Super Funds

Basic Guide to Self Managed Superannuation Funds

Superannuation is a great way to invest for your retirement because it allows you to build funds gradually until you reach retirement age. While workers are legally entitled to join a fund when they are employed, you may also decide to join and contribute to a self managed superannuation fund or diy super funds.
Nature of DIY Super Funds

Self managed superannuation funds (SMSFs) are funds established for a small group of people, typically less than 5, and regulated by the Australian Tax Office. As a trust fund, the fund members or contributors are its trustees as well, having the responsibility for the prudential operation of their funds and in creating and implementing an investment strategy. Its assets and money are strictly for providing retirement benefits of its members and not for the personal use of any of the trustees or other third party.

Advantages of super funds
Super funds, including DIY super funds, are entitled to tax concessions such as a lower income tax rate and allowable deductions for contributions made.

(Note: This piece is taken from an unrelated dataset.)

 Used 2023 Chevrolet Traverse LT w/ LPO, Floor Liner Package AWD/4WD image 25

These funds also enjoy government benefits and in some cases may even provide insurance coverage as well as total and permanent disability insurance for its members.

Who can join?
Generally, anyone can join a super fund, whether you are employed or not. If you’re not employed or have a low income, your spouse can contribute for you until you reach the age of 65. If you’re self employed, you can also decide to join and contribute to a fund and claim a full tax deduction for contributions you make.

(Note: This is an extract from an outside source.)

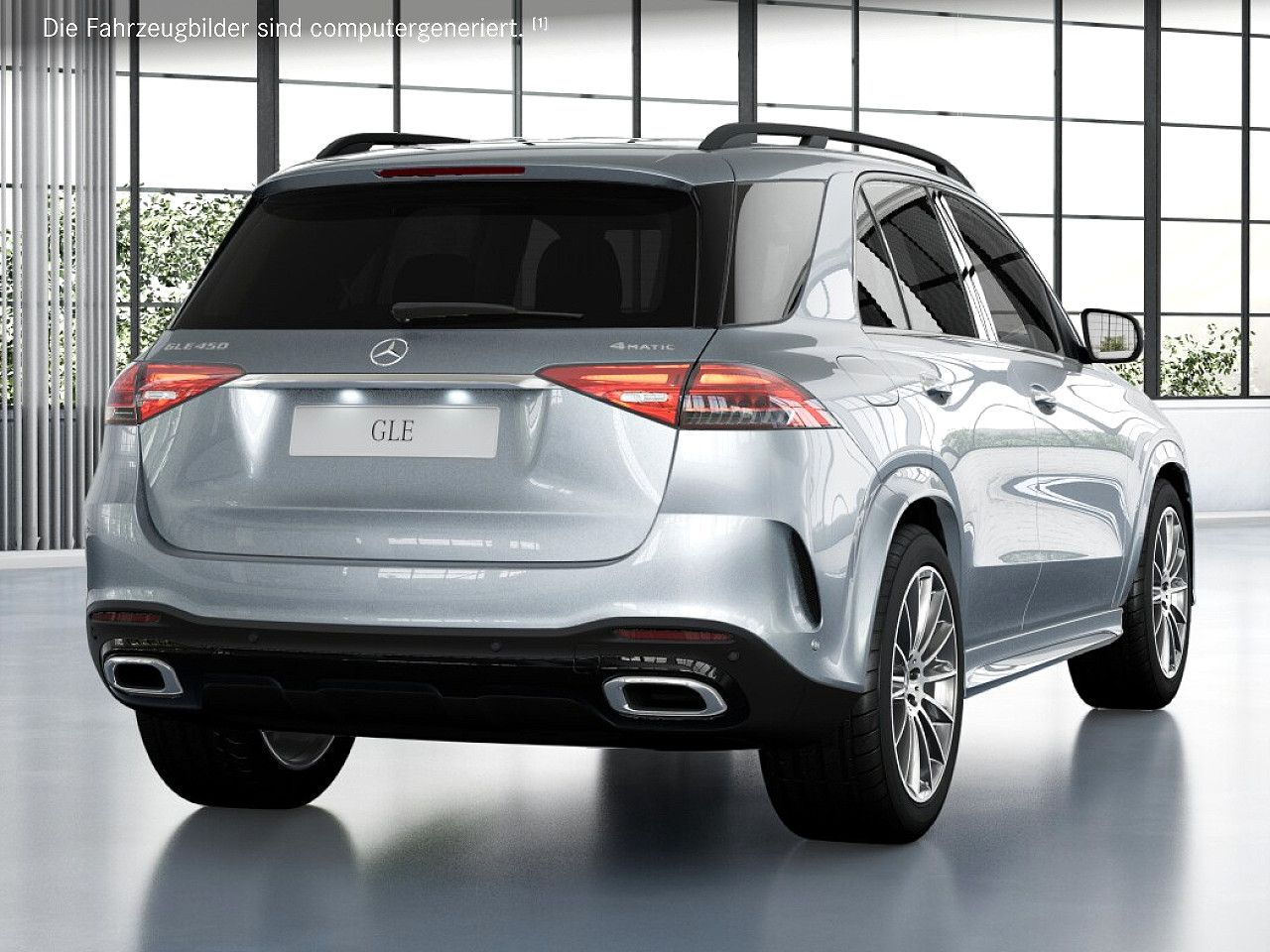 Mercedes-Benz GLE – Bild 28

Limitations of DIY superannuation
This type of super fund is governed by super laws and the trust deed which is a legal document setting out the rules for establishing and operating the fund. In particular, the trust deed will specify:

  • the powers, duties and responsibilities of the fund’s trustees
  • the rights of the members
  • the fund’s objectives
  • who the trustees are
  • qualifications of a trustee
  • manner of appointment and removal of trustees
  • qualifications of members
  • when contributions can be made
  • how to avail of benefits
  • appointment of professional advisers like an auditor
  • winding up procedures

While a self managed superannuation is a do-it-yourself arrangement, it requires a generous amount of your time and investment skills to manage and operate profitably. Anyone intending to set up one must be prepared to comply with strict requirements of super laws and seeking expert advice at the outset is highly advisable.